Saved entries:
□ □ □ □ □ □ □

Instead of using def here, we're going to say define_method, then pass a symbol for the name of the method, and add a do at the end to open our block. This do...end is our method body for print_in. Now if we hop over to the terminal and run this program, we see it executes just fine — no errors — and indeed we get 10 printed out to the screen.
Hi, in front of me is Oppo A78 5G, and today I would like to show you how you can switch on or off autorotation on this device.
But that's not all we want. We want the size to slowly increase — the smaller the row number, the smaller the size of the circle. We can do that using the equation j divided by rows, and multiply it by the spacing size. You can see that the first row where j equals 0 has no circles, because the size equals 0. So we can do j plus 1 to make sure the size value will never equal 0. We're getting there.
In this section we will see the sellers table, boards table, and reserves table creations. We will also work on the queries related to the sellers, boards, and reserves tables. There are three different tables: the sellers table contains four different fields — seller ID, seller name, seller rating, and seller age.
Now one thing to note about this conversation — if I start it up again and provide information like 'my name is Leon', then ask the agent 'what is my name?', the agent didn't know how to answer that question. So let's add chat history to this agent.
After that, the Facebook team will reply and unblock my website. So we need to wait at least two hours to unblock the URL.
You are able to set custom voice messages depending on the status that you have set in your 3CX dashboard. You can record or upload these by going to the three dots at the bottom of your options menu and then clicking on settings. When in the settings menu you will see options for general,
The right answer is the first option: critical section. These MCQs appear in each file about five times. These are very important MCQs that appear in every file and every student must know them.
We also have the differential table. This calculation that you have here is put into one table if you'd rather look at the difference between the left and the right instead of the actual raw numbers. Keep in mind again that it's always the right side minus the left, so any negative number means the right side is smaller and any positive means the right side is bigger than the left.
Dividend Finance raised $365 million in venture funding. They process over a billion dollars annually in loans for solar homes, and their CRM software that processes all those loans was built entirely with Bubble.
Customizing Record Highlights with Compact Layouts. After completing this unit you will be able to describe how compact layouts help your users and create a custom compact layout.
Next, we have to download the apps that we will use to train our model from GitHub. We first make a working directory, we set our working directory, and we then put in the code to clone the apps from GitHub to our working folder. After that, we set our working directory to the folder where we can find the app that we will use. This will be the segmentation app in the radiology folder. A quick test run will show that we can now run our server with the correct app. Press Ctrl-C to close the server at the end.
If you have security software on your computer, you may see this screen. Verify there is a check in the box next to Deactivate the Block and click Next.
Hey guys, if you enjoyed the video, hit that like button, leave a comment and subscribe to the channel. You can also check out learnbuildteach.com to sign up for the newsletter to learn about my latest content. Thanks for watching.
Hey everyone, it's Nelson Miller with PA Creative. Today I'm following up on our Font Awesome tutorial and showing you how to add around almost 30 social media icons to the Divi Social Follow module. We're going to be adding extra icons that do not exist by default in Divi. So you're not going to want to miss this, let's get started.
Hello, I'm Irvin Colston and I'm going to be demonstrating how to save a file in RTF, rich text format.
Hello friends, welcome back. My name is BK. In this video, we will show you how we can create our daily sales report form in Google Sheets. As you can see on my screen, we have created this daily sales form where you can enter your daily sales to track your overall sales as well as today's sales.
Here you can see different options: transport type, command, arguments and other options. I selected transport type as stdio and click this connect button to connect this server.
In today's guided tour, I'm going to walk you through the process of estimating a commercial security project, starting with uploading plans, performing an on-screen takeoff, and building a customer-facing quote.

□ □ □ □ □ □ □

Only certain lines are wanted. Please return exactly those from the top of the data through the line with "In this section".

Answer
Instead of using def here, we're going to say define_method, then pass a symbol for the name of the method, and add a do at the end to open our block. This do...end is our method body for print_in. Now if we hop over to the terminal and run this program, we see it executes just fine — no errors — and indeed we get 10 printed out to the screen.
Hi, in front of me is Oppo A78 5G, and today I would like to show you how you can switch on or off autorotation on this device.
But that's not all we want. We want the size to slowly increase — the smaller the row number, the smaller the size of the circle. We can do that using the equation j divided by rows, and multiply it by the spacing size. You can see that the first row where j equals 0 has no circles, because the size equals 0. So we can do j plus 1 to make sure the size value will never equal 0. We're getting there.
In this section we will see the sellers table, boards table, and reserves table creations. We will also work on the queries related to the sellers, boards, and reserves tables. There are three different tables: the sellers table contains four different fields — seller ID, seller name, seller rating, and seller age.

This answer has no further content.